• _Task requirements_
Reproduce the entries shown below only from the line with "Euphorbia martini geen" down to the line with "Aerial view of", keeping both end lines and copying each one exactly.

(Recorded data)
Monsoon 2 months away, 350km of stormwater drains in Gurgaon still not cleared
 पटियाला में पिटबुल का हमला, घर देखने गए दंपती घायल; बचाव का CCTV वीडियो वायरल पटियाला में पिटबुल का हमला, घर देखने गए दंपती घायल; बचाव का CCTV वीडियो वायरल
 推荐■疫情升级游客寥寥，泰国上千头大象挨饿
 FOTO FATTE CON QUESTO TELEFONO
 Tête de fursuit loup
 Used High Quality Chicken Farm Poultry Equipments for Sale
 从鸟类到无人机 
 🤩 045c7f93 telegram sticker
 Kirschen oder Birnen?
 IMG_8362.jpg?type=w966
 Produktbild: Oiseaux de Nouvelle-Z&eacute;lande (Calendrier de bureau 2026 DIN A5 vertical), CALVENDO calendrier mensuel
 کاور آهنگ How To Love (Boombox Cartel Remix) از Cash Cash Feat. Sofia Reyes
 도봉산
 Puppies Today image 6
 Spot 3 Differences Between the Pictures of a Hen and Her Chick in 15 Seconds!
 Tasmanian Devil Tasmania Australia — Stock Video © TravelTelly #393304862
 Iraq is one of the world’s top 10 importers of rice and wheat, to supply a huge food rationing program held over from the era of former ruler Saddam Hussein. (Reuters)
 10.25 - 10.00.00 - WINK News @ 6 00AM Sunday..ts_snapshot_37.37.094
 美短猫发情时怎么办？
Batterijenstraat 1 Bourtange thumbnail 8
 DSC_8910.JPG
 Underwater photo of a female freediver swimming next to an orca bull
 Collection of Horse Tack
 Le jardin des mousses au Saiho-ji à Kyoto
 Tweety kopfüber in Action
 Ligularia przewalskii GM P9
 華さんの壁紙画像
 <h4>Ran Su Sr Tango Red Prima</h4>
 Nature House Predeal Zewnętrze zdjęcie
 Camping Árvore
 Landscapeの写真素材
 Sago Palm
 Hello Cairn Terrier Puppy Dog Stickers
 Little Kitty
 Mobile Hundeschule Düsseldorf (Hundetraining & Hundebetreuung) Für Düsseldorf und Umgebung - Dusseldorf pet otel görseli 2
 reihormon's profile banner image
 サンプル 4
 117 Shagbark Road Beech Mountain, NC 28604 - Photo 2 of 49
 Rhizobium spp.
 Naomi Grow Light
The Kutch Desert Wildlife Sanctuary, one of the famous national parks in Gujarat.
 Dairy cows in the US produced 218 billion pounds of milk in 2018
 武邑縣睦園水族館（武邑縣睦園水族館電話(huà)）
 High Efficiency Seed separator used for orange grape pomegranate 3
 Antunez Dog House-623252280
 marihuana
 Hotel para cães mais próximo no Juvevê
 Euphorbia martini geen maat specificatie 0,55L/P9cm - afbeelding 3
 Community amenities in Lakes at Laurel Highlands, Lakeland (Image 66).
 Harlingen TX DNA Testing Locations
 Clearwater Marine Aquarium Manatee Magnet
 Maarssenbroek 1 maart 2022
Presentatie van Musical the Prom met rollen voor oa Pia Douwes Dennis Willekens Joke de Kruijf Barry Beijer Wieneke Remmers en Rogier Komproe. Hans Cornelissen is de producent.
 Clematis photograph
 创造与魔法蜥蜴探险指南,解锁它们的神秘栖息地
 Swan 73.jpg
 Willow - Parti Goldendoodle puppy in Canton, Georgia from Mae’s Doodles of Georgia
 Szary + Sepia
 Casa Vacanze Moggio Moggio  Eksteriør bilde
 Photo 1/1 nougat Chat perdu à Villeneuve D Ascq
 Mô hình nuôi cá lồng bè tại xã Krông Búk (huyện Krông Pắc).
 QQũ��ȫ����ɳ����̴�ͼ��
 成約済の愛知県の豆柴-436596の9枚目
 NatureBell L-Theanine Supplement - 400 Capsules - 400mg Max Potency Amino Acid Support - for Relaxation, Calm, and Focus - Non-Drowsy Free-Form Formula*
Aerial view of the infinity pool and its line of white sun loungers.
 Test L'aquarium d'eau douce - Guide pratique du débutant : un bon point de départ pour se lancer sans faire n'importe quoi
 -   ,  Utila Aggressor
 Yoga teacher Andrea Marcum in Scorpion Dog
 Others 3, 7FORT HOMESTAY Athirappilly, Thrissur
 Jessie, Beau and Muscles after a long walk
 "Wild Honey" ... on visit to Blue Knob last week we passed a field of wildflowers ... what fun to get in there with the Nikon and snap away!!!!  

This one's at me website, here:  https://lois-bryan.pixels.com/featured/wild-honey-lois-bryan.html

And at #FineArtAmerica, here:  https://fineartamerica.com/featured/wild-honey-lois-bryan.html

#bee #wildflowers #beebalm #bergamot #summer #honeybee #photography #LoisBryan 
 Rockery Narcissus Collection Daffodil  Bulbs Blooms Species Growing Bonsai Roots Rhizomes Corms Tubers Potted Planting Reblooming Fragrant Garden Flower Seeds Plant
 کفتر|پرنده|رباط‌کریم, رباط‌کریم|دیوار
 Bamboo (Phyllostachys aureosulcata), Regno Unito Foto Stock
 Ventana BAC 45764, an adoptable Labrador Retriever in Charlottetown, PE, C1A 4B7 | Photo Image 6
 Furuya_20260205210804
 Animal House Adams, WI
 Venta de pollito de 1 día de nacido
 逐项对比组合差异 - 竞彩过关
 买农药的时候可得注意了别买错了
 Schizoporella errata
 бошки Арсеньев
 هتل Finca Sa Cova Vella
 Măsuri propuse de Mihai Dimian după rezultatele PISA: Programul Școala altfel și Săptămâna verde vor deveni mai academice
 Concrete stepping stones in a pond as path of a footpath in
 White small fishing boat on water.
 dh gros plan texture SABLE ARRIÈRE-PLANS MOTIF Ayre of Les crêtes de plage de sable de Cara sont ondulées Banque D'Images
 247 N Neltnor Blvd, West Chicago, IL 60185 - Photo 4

• _Answer below_
 Euphorbia martini geen maat specificatie 0,55L/P9cm - afbeelding 3
 Community amenities in Lakes at Laurel Highlands, Lakeland (Image 66).
 Harlingen TX DNA Testing Locations
 Clearwater Marine Aquarium Manatee Magnet
 Maarssenbroek 1 maart 2022
Presentatie van Musical the Prom met rollen voor oa Pia Douwes Dennis Willekens Joke de Kruijf Barry Beijer Wieneke Remmers en Rogier Komproe. Hans Cornelissen is de producent.
 Clematis photograph
 创造与魔法蜥蜴探险指南,解锁它们的神秘栖息地
 Swan 73.jpg
 Willow - Parti Goldendoodle puppy in Canton, Georgia from Mae’s Doodles of Georgia
 Szary + Sepia
 Casa Vacanze Moggio Moggio  Eksteriør bilde
 Photo 1/1 nougat Chat perdu à Villeneuve D Ascq
 Mô hình nuôi cá lồng bè tại xã Krông Búk (huyện Krông Pắc).
 QQũ��ȫ����ɳ����̴�ͼ��
 成約済の愛知県の豆柴-436596の9枚目
 NatureBell L-Theanine Supplement - 400 Capsules - 400mg Max Potency Amino Acid Support - for Relaxation, Calm, and Focus - Non-Drowsy Free-Form Formula*
Aerial view of the infinity pool and its line of white sun loungers.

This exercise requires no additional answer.